Aralarında KADEP Genel Sekreteri Nizamettin Maskan, HAK-PAR Kurucu Başkanı İbrahim Güçlü ve HEP kurucularından İbrahim Aksoy'un da olduğu siyasetçiler, BDP'lileri sağduyuya çağırdı. Yazar Ümit Fırat da, YSK'nın siyaseti şekillendirmeye çalıştığına dikkat çekti. Can ve mal güvenliğine kasteden eylemler konusunda ise barajın önündeki seti kaldıranların sorgulanmasını istedi.

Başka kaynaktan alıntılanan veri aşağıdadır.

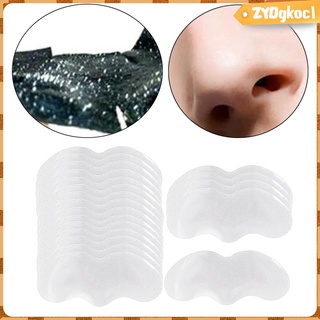 nariz removedor de puntos negros tiras nasales pegatinas poros limpiador de poros limpieza profunda (3)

Yüksek Seçim Kurulu'nun (YSK), BDP'nin de desteklediği bağımsız adayların yer aldığı 12 kişiyi veto etmesinin yankıları sürüyor. Karara tepki gösteren partililer, iki gündür İstanbul başta olmak üzere Diyarbakır, Van, Hakkâri, Mersin, İzmir ve Ankara'da şiddet içerikli eylemler yaptı. YSK'nın tutumunu eleştirmek isteyen kalabalığın arasına karışan provokatörler, kamu binalarına, işyerlerine zarar verdi. Polisle çatışan gruplar, eylemlerin asıl amacını gölgede bıraktı. Kürt siyasetçileri ile kamuoyunun yakından tanıdığı Kürt aydınlarından, "Haklıyken haksız duruma düşmeyin. Kirli tezgâhın bir parçası olmayın. Bizler vesayetçi zihniyeti sokakta değil, sandıkta yeneceğiz." uyarısı geldi. Değerlendirmeler şöyle:

BDP'YE BÜYÜK SORUMLULUK DÜŞÜYOR

Nizamettin Maskan (KADEP Genel Sekreteri): Kürtlerin ısrarla şiddetten kaçınması gerekiyor. Bulunduğumuz bu çağda bu tür eylemler bize yakışmıyor. Haklı olduğumuz durumda haksız duruma düşürebilecek bir hataya düşmemek gerekiyor. Türkleri de yanımıza alarak vesayetçi zihniyete karşı birlikte olmak varken derin devletin tezgâhına gelmemek gerekiyor. BDP'ye bu konuda büyük bir sorumluluk düşüyor ve bunu yerine getirmesi gerekiyor. Herkesin hemfikir olduğu bir haksızlık söz konusu var. Bunu bir kenara bırakmamak gerekiyor. Ancak bunu fırsat bilip insanların can ve mal güvenliğini tehlikeye atmak gibi kimsenin bir hakkı olamaz. Bizler vesayetçi zihniyeti sokakta değil, sandıkta yeneceğiz. Kürtlerin, kirli tezgâhın bir parçası olmayacağını hep vurguladık.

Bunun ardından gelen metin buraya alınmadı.